Was she or wasn’t she? To phrase this otherwise: Was the so-called Virgin Queen deserving of her title?

Anna Whitelock’s new history of Queen Elizabeth I begins in the royal bedchambers. It is 1558 and young Elizabeth—daughter of Henry VIII and Anne Boleyn—has just acceded to the English throne and restored Protestantism to the land. It is then and there that “for the first of many times, Elizabeth’s chastity became a subject of gossip.” It would remain so forever more: a point of continental obsession, ruminated over by the likes of French kings and Italian popes.

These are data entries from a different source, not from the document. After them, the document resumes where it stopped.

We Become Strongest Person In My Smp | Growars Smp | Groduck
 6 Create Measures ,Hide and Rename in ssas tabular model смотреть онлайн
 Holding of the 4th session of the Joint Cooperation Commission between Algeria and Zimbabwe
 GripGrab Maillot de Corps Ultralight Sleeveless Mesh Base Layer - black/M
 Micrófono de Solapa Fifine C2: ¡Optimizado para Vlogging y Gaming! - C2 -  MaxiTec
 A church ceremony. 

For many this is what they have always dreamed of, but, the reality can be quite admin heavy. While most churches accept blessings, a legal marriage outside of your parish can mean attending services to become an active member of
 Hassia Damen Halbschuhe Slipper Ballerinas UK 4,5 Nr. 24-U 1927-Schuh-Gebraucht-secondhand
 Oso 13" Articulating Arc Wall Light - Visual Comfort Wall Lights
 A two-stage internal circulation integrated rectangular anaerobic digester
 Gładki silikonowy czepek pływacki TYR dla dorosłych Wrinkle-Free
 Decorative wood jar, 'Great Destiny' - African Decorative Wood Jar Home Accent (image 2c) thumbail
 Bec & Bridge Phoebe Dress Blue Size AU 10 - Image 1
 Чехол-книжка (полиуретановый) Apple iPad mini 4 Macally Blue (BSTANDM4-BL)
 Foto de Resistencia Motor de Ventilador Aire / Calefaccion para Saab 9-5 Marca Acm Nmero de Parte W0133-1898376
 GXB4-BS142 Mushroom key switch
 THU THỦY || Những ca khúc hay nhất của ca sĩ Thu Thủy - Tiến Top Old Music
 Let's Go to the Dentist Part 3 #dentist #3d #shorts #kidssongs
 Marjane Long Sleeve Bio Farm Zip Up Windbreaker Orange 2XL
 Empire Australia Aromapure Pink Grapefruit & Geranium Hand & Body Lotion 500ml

The Queen’s Bed offers a sweeping history of Queen Elizabeth’s rule, focusing especially on the politics of Her Majesty’s sex: the times at which Elizabeth’s body became a matter for the body politic. We cheer the queen on in her 20s—as she resists her privy council’s fevered attempts to arrange a royal marriage. Later, we peek into Elizabeth’s (alleged? consummated?) love affairs. And we delight in her haphazard efforts to court a husband. A particularly readable episode describes when the almost-40-year-old queen is being pushed to marry a young French duke in 1571. “It was hardly an ideal pairing,” Whitelock rues. “Anjou was 18 years younger than Elizabeth…and a blatant transvestite who regularly appeared at court balls in elaborate female dress.” (The duke also viewed Elizabeth as a “heretical bastard.”) In later chapters, we see Elizabeth through menopause—and wince at her desperate attempts to hide her age: with ointments and extracts, garish (and, it turns out, poisonous) lip colours and egg-white face glazes.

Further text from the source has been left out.